On your blog, your friends and family pretty much all say "good job" (with a few exceptions, thanks Sam and Pete).  The forums get a few vanilla replies the first day or two, and then it gets buried under all the people talking about crystal readings and relationship problems and how they've been meditating for a whole week now and nothing's happening and all the crap that you outgrew a decade ago.  That alignment, that synchronicity that you were so sure would happen doesn't.  And all this time that wonderful high, that rightness you felt when the story first flew out of your mind, down your fingers, and onto the screen easier and faster and better than anything you've ever written in you life, starts to fade.  You get sick, have a hard time kicking it.  You here more news about old friends going through hard times.  You think about the past, and all the dear people you miss, and wonder why you've had such a hard time connecting with anyone out here at the ass end of nowhere.  Basically, the peak fades, and now it's the hard scrabble to keep the plateau as high as possible, and every little banal thing seems to be working together against you. 
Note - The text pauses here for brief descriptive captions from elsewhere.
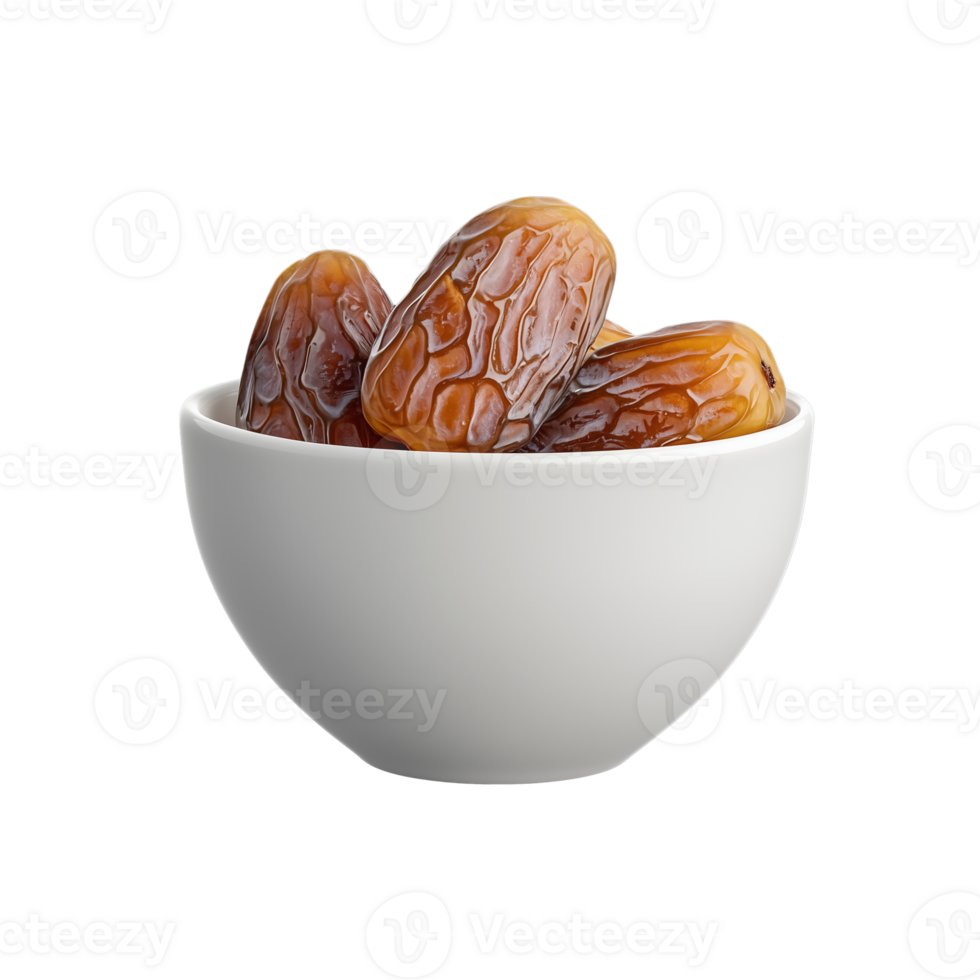 White bowl of fresh dates on a transparent background png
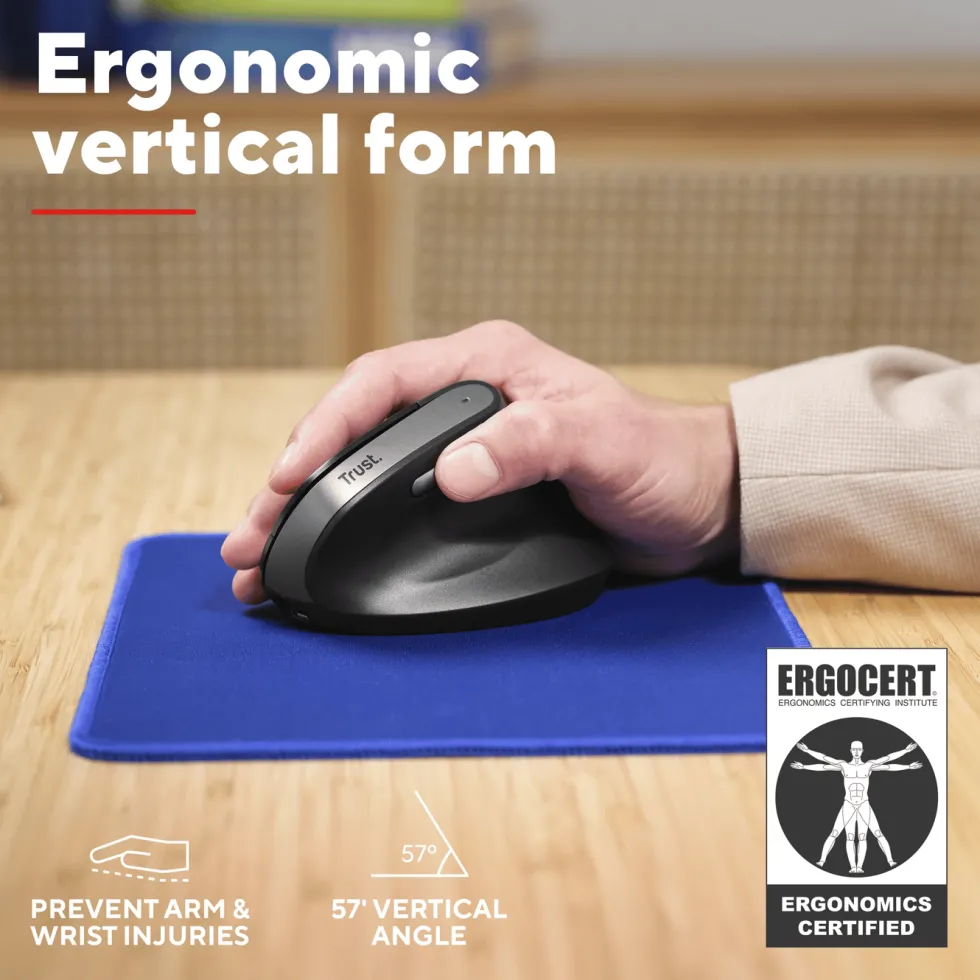 Trust Bayo II ergonomisk trådløs mus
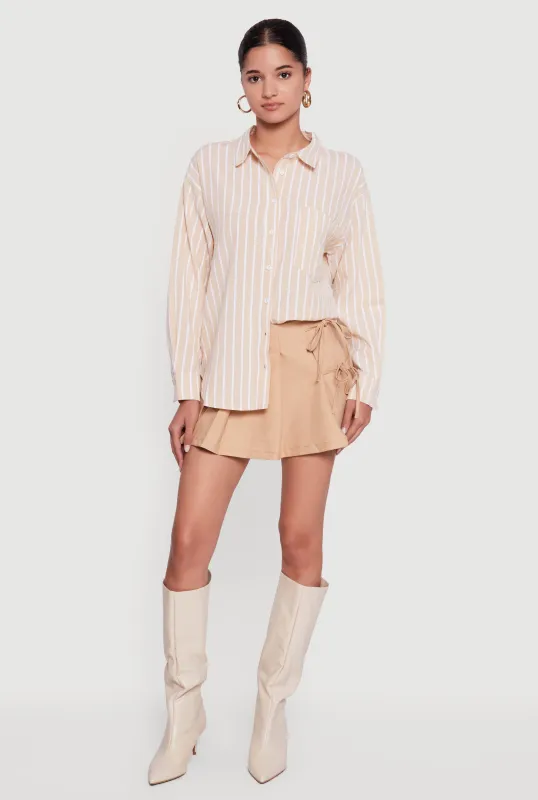 Striped Poplin Button Front Long Sleeve Shirt sold by Rainbow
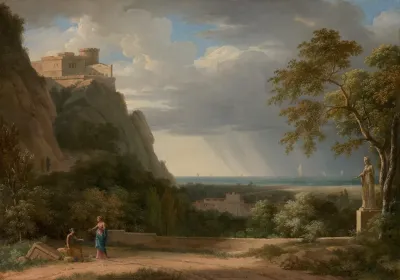Classical Landscape With Figures And Sculpture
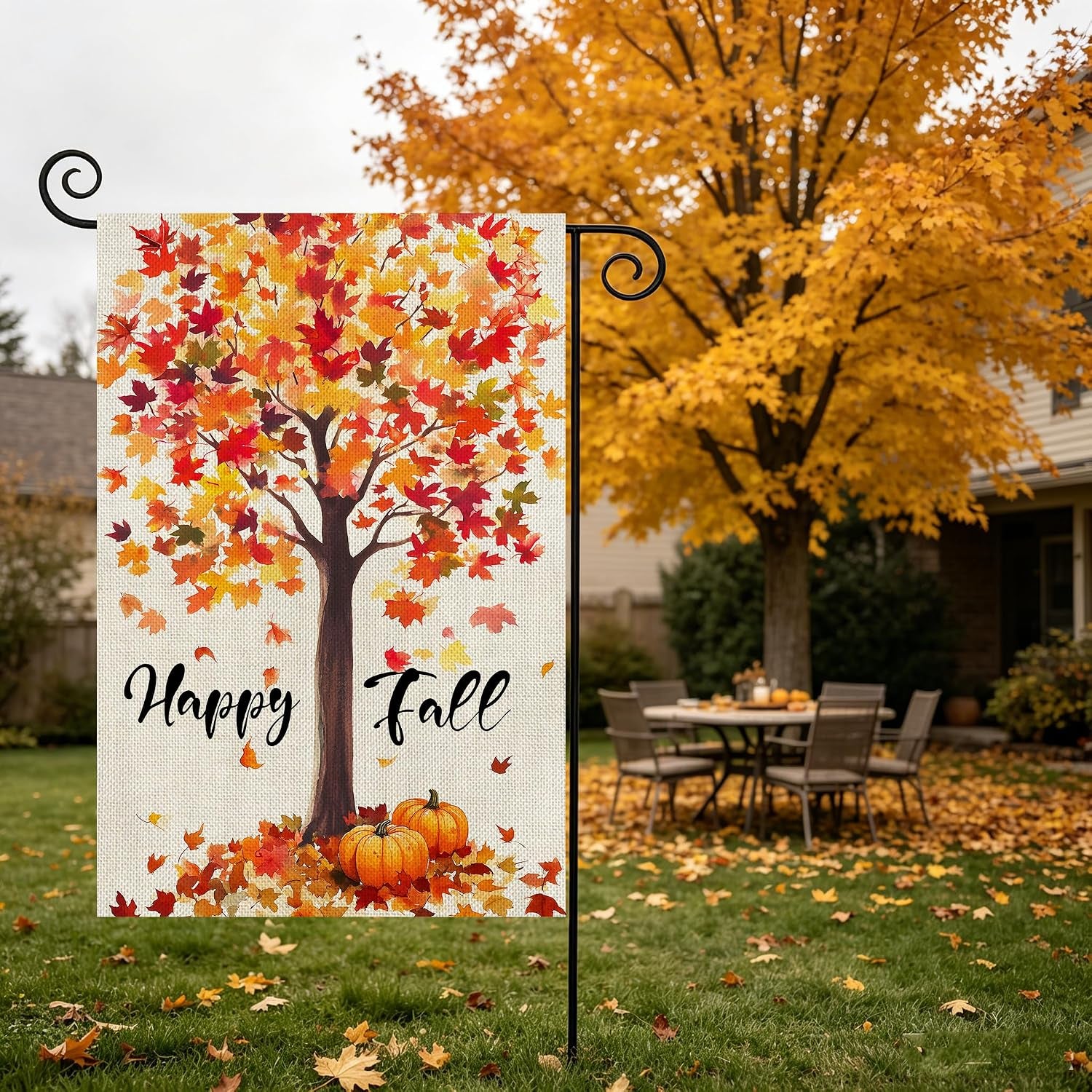 Fall Decorations Garden Flag 12X18 Inch for outside Double Sided Weather & Fade Resistant Happy Fall Yard Flags Outdoor Thanksgiving Home Fall Decor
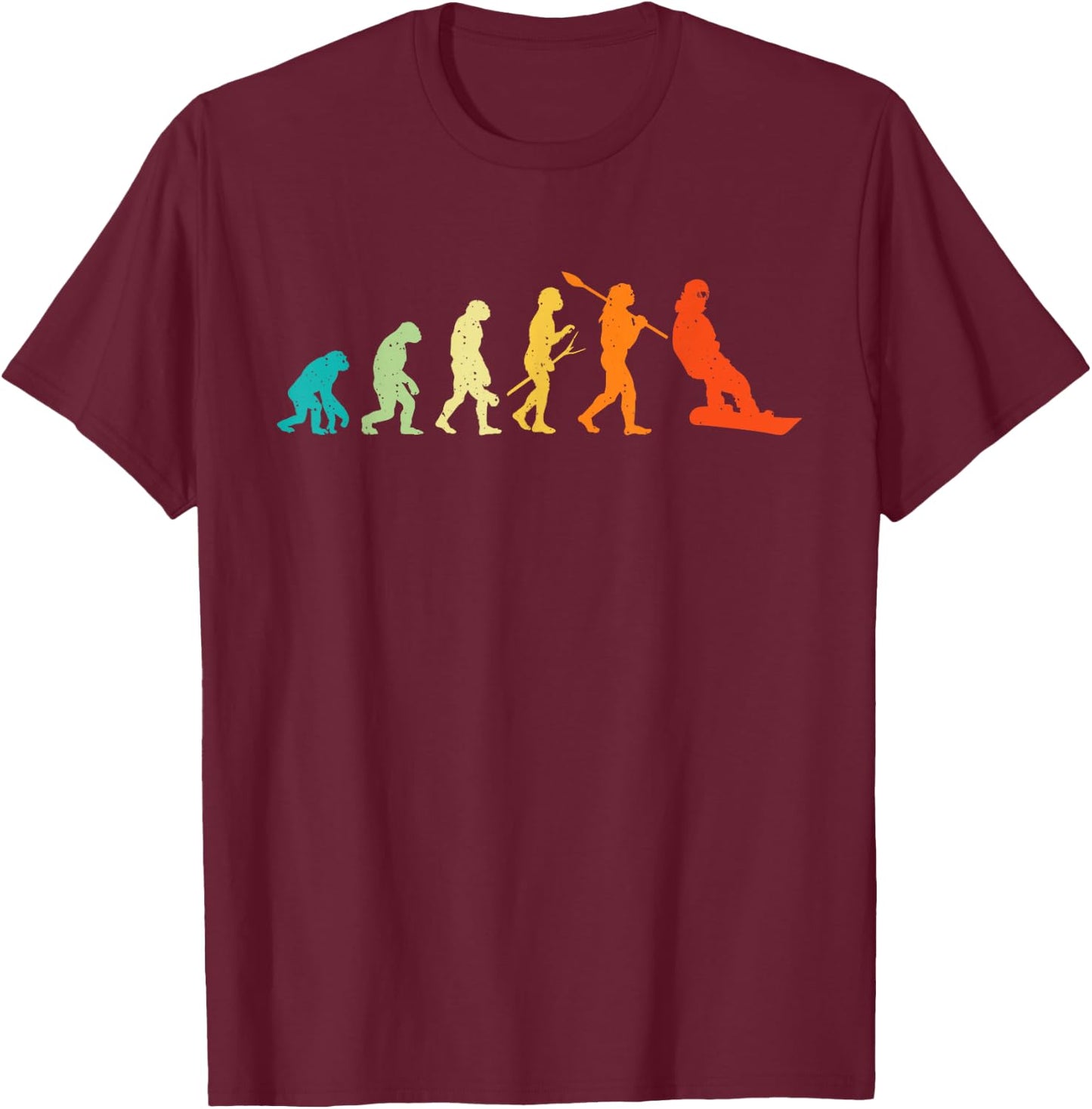 Evolution of Snowboarder - Snowboard Snowboarding Lover T-Shirt - T-Shirt | Maroon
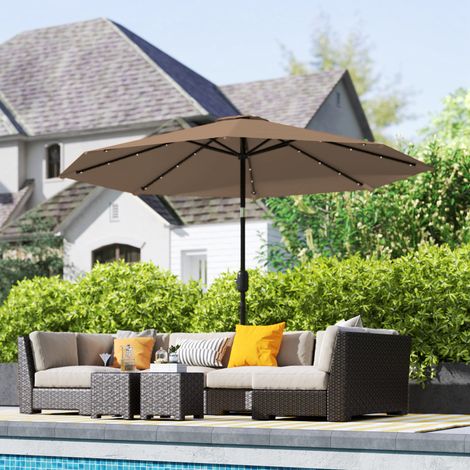 Gartenschirm Ø265 cm mit 32 Solar-LED-Leuchten, Kurbel und Stahlstange für Terrasse und Balkon, Khaki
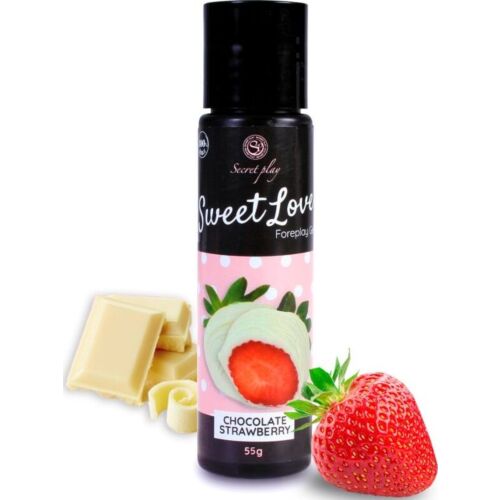 Lubrifiant comestible SECRETPLAY - Gel Sweet Love fraise et chocolat blanc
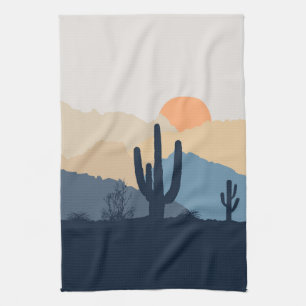 Linge De Cuisine Soleil désert bleu et beige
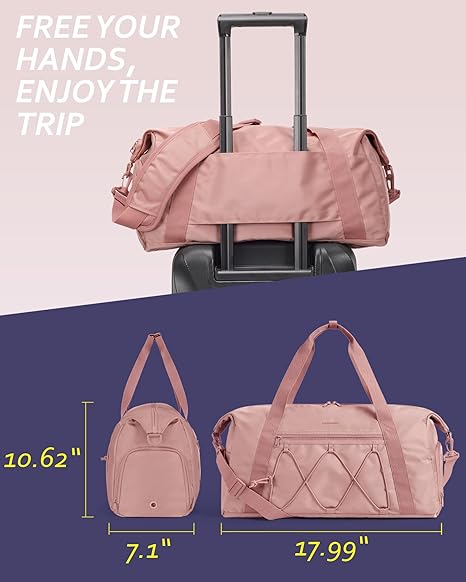 Small Duffle Bag with Wet Pocket & Shoes Bag,  Sports Gym Bag, Travel Duffle Bag for Men, Women, Girls and Kids, Lightweight and Waterproof(Black)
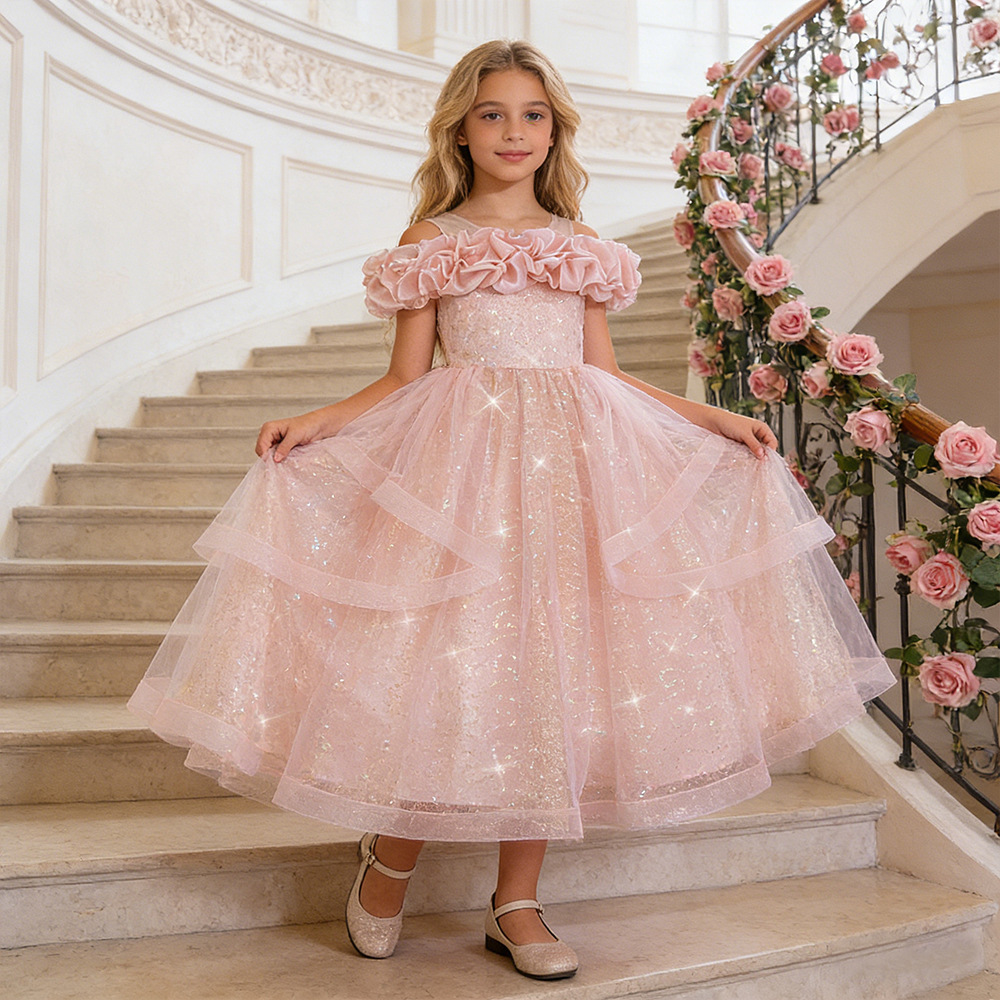 Nuevos vestidos para niños europeos y americanos, vestidos de princesa, elegantes faldas de tutú de malla, vestidos de noche de fiesta de cumpleaños para niñas de flores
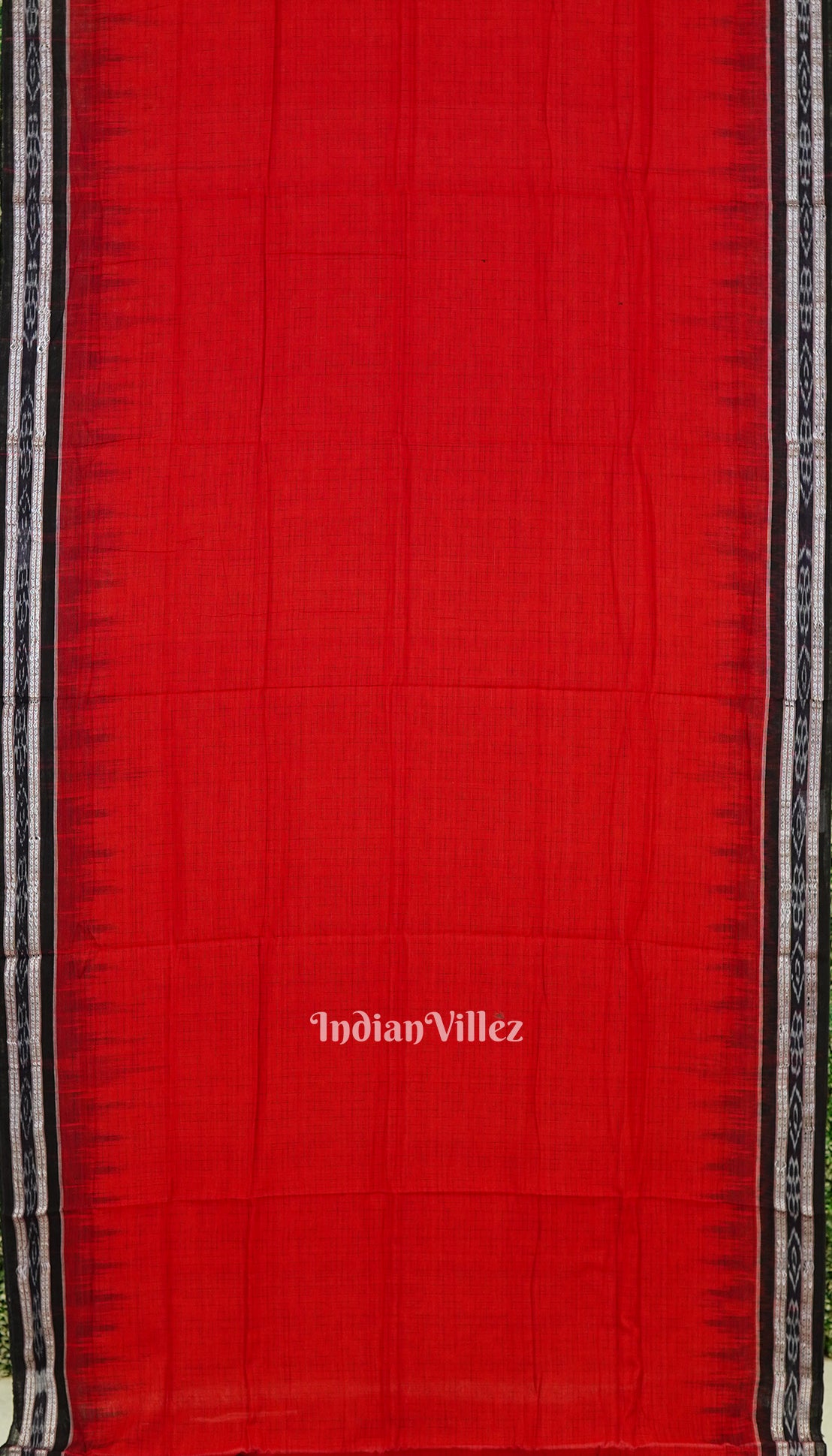 Red Maniabandha Black Striped Cotton Saree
Frustration seems to be the greatest obstacle to gaining any kind of enlightenment.  Look at Jesus, for example.  How many times did he get upset because his disciples missed the points of his parables?  How often did he lose his temper with the authorities?  How many of those tears of blood wept at Gethsemane were not tears of fear, but tears of frustration at having so little time left and so much more he wished to share?  Quite a few, I think.  When the Buddha held the lotus blossom up in silence in front of 1250 of his followers, and only 1 understood why he did it, did he get frustrated?  Probably.  And I am nothing compared to these.  I am, as John the Baptizer said, not even worthy to help one of them on with their sandals.  They are graduate students working on their doctorates, I am in kindergarten still trying to learn how to tie my shoes and count past 10.  But this does not mean I cannot try to help my little brothers and sisters to stack up their blocks or draw circles.  And if my siblings would rather scribble than draw circles, or knock towers down than build them up, am I allowed to get frustrated?  Yes.  But are they also allowed to scribble and knock things down?  Yes, and that's the hard thing to remember.  Eventually, I will find others who will want to play my games, who will also want to learn to tie shoes and count past 10, and then we shall play wonderful games of make-believe together.  Until then, I just have to keep my temper.